Earth and Pillars are a band that burst onto the scene in 2014 (the same year the band came to be) with their excellent debut album ‘Earth I‘. The unknown trio had no demo nor any release for that matter prior to this album, but still garnered them the attention of the legendary Avantgarde Music label and the rest as they say is history. The band have now returned with their sophomore album which is a similar but at the same time different beast altogether. Where the debut was maybe more akin to the glow of autumn, ‘Pillars I’ sees the band more appropriately focus their attention on the harshness of winter.
If like me you were lucky enough to purchase a copy of the beautiful limited A5 edition you will notice that it also includes the ‘Towards the Pillars’ disc which not only complements the original album but concludes the journey and makes the release and package more complete.
‘Pillars I’ is made up of four epic tracks of pure glacial black metal.
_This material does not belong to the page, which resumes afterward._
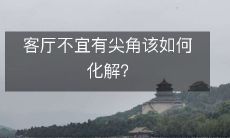 客厅不宜有尖角该如何化解?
This style of black metal was the creation of the legendary Wintherr with his band Paysage d’Hiver who I am sure you agree need no introduction, creating music with a primary focus to take the listener through kingdoms of ice and frozen realms while maintaining a sense of isolation and desolation throughout. As you can imagine the tracks are delivered in blizzard like fashion pulling the listener straight into an ice storm, a whirlwind of tremolo riff work delivered in a dark and unsettling manor, as if a warning of uncertainty, to beware and stay back. The tempo can vary from fast to slow and almost stop in places, electric guitars fading to let the ever present ambience of the keys shine through which are often accompanied with a tasteful use of clean guitar melodies. The effect of this is quite mesmerising, giving the listener a sense of hope and ease as if the storm is about to pass, though this does not last long once the guitars fade back in and the attack continues. It adds variety to the tracks while maintaining that trance like and uneasy feeling bands like this thrive on.
I was surprised to hear how clear all the instruments sound in the mix as often in this style things can get buried, only here they have pulled it off without sacrificing any of the atmosphere. Z.’s vocals have a lower delivery in comparison to the shrieks and rasps the style is known for and are quite decipherable especially in the clean and quieter sections. The keys seem to be more prominent on this release which is music to my ears as they really help build the atmosphere and ambience of winter while also present are some wind effects creating a feeling as if one is standing atop of a mountain, far above the trees at the top of the world.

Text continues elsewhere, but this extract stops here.